Dalam usaha mencapai kesejahteraan psikologis yang tinggi, tentunya
terdapat beberapa faktor yang mempengaruhi antara lain dukungan sosial, status
sosial ekonomi, relasi sosial, umur, jenis kelamin, status pernikahan (Wells,
2010), pekerjaan, pernikahan, kondisi masa lalu seseorang terutama pola asuh
keluarga, kesejahteraan ekonomi, pendidikan, kesehatan dan fungsi fisik serta
kepercayaan dan emosi (Mirowsky dan Ross, 2010), religiusitas (Pargament
dalam Amawidyati dan Utami, 2010; Bastaman dalam Saputri, 2013). Koenig
(Subandi, 2013) juga menyebutkan bahwa orang yang religius mempunyai tingkat
kesejahteraan dan kepuasan hidup yang lebih baik, menunjukkan rendahnya
tingkat kecemasan, lebih mampu dalam mengatasi stres, rendah kemungkinannya
untuk melakukan bunuh diri, memberikan harapan, optimisme, mendapatkan
dukungan sosial, kestabilan dan kepuasan pernikahan.

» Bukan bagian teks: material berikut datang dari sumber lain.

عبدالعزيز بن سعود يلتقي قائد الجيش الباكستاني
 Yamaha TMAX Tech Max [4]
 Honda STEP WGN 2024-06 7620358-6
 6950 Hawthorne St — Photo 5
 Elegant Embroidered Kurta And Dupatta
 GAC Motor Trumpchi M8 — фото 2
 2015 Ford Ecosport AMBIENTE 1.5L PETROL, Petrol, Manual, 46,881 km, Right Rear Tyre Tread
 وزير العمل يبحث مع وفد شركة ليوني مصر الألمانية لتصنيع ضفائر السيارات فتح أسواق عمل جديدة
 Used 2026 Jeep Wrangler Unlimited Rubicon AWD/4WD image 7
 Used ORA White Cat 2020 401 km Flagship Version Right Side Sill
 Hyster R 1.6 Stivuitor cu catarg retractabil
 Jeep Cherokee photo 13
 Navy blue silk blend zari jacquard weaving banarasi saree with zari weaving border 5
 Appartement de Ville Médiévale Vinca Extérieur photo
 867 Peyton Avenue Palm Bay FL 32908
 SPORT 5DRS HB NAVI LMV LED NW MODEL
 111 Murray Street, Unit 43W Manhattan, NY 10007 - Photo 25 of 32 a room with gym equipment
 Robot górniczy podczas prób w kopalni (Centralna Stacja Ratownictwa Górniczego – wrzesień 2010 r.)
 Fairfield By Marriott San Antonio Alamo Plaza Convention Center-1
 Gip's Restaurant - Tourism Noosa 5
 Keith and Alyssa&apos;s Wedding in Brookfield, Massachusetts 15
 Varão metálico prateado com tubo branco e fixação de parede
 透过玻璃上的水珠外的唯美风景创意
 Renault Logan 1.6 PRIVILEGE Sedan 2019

Religiusitas merupakan akar dari kerendahan hati atau humility (Aghababei,
dkk., 2015). Hasil penelitian Aghababei, dkk (2015) menunjukkan kerendahan
hati manusia adalah tidak memiliki hak untuk bergantung kepada hal-hal yang
10
bersifat material, memanipulasi, dan mengekploitasi orang lain. Tetapi, memiliki
beberapa keuntungan adaptif untuk diri sendiri maupun orang lain dan baik untuk
mencapai sesuatu yang menyenangkan dan menghindari rasa sakit atau bahkan
lebih baik untuk menjalani kehidupan yang penuh makna dan kehidupan yang
baik. Tagney (2000), mendefinisikan rendah hati sebagai usaha memiliki rasa
penerimaan diri, pemahaman terhadap ketidaksempurnaan dan terbebas dari rasa
sombong dan harga diri yang rendah. Orang-orang yang rendah hati dengan
pencapaian yang dicapai cenderung memiliki sedikit ancaman dari pada orang
yang sombong. Lingkungan sosial secara otomatis akan menentang orang-orang
yang berlaku sombong. Berbeda dengan orang yang rendah hati, mereka akan
mendapatkan benyak evaluasi positif dari lingkungan sosial untuk kebaikan
pencapaiannya.
Kerendahan hati tidak hanya menyiratkan penilaian akurat terhadap diri
sendiri, namun memerlukan nilai melupakan diri sendiri. Dalam proses menjadi
“unselved” secara signifikan berpengaruh positif terhadap pdikologis maupu fisik
individu. Menurut ahli klinis, orang yang terlalu memandang diri secara
berlebihan akan menimbulkan gejala-gejala psikologis seperti kecemasan, depresi,
antisosial dan sebagainya. Seperti yang digambarkan oleh As Baumeister
(Tagney, 2000) bahwa banyak keuntungan yang didapatkan dari usaha untuk
melarikan diri (escaping self) dalam artian bahwa tidak terlalu fokus dengan nilai
diri, yaitu merasa lega dengan hal-hal yang membebani diri dan keharusan untuk
terlalu mempertahankan serangan dari diri sendiri. Bahkan dari perspektif
kesehatan fisik, beberapa hasil penelitian menunjukkan bahwa fokus terhadap diri
11
secara berlebihan akan memiliki risiko terserang penyakit jantung koroner
(Scherwitz & Canic dalam Tagney, 2000). Konsep humility atau rendah hati
memiliki kesamaan dengan konsep tawadhu.
Tawadhu merupakan sikap rendah hati, sedangkan lawan dari tawadhu
adalah sombong atau takabbur (Ilyas, 2001). Seseorang yang rendah hati tidak
memandang dirinya lebih daripada orang lain sedangkan orang yang sombong
selalu memandang dirinya secara berlebihan. Berdasarkan paparan di atas, peneliti
tertarik untuk meneliti kerendahan hati melalui konsep Islam yaitu tawadhu, yang
banyak disebut juga dalam Al Quran dan hadits. Dalam hal ini peneliti akan
menghubungkan tawadhu dengan kesejahteraan psikologis pada mahasiswa santri.
TINJAUAN PUSTAKA
1. Definisi Kesejahteraan psikologis
Kesejahteraan psikologis memiliki makna yang berbeda antara individu
dengan individu yang lainnya. Menurut Diener (2009) adalah suatu keadaan
yang menggambarkan bahwa individu dapat menfungsikan kapasitas-kapasitas
yang ada pada dirinya secara optimal dalam menjalankan kehidupannya serta
mengarahkan. Makna tersebut didasarkan pada teori humanistik yang
mencakup keberfungsian secara positif terhadap kehidupan yang dijalani.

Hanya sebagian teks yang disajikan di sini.